Today, as we begin to understand some aspects of quantum field theory and string theory, we are seeing the development of new mathematical methods for packaging and describing the data that quantum, stringy, and perhaps also "brany" geometries assign to a spacetime.
Some very exciting work in this direction is Kevin Costello's description of local observables in perturbative quantum field theories using factorization algebras. This approach extends Jacob Lurie's famous result on the classification of topological field theories, and it admits close connections to other structures mathematicians have used to describe quantizations and quantum field theories.
One consequence of the new stringy approaches to geometry is the discovery of relations among prima facie different geometrical spaces which become manifest only at the stringy or brany level. For instance, one simple classical duality, which may be presented as a curiousity in a first course in electromagnetism, is "electric-magnetic duality," the statment that Maxwell's equations of electromagnetism look the same under a certain switching of the electric and magnetic fields; this duality, in a stronger form, reoccurs throughout supersymmetric gauge theory and ultimately underlies the geometric Langlands correspondence. Other new kinds of quantum duality are at play in the rapidly growing field of cluster geometry and its veritable zoo of examples and associated structures (Hall algebras, Donaldson-Thomas invariants, and higher Teichmüller spaces, to name just a few).
My current research draws heavily from the class of geometric dualities with the collective name of "mirror symmetry:" physically, these result from the discovery that sometimes different superstring theories, after compactification on different manifolds, can produce the same quantum field theories. The corollary that the corresponding categories of boundary conditions (D-branes) should be equivalent suggests Maxim Kontsevich's Homological Mirror Symmetry program. Its central idea is that all the symplectic geometry of a symplectic manifold, encompassed by its category of "A-branes," ought to be equivalent to the algebraic geometry of a certain "mirror" algebraic variety, as encompassed by its category of "B-branes."
Traditionally, the category of A-branes for a symplectic manifold was understood as a Fukaya category, a category with objects Lagrangian submanifolds (with some extra data) and A∞ structure determined by counts of holomorphic disks.
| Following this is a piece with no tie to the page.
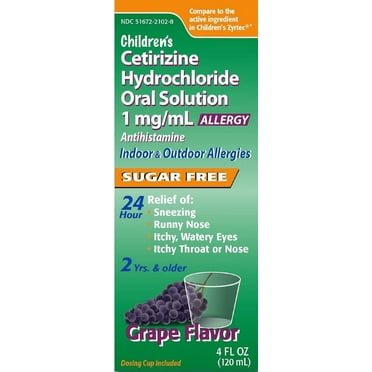 TARO Children's Cetirizine Oral Solution Syrup Allergy Relief for Sneezing, Runny Nose, Itchy, Watery Eyes Grape Flavor | 2 yrs. & Older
But from a conjecture of Kontsevich (2009), with proof in development by Sheel Ganatra, John Pardon, and Vivek Shende, and following earlier work by David Nadler & Eric Zaslow in the case of cotangent bundles, we now understand that all the symplectic geometry of a Weinstein manifold is contained in its skeleton, a (generally singular) Lagrangian which is the stable set for Liouville flow. In particular, the Fukaya category of a manifold can be obtained from a certain cosheaf of categories on its skeleton. Families of highly structured Weinstein manifolds are likely to admit classes of skeleta which are organized in interesting ways; a major theme of my research is the search for the underlying geometric and categorical structure of these skeleta.
Currently, I'm thinking about, inter alia, the following topics:
Skeleta of holomorphic symplectic manifolds
Mirror symmetry for various kinds of hyper-Kähler spaces
Deformations of derived critical loci
Dimer models and mirror symmetry
I am on tenure as an NSF Graduate Fellow and am not teaching this semester.
During the beginning of this semester I ran a Derived Algebraic Geometry seminar, which is now on hiatus.
"Both students and intellectuals should study hard. In addition to the study of their specialized subjects, they must make progress both ideologically and politically, which means that they should study Marxism, current events and politics. Not to have a correct political point of view is like having no soul."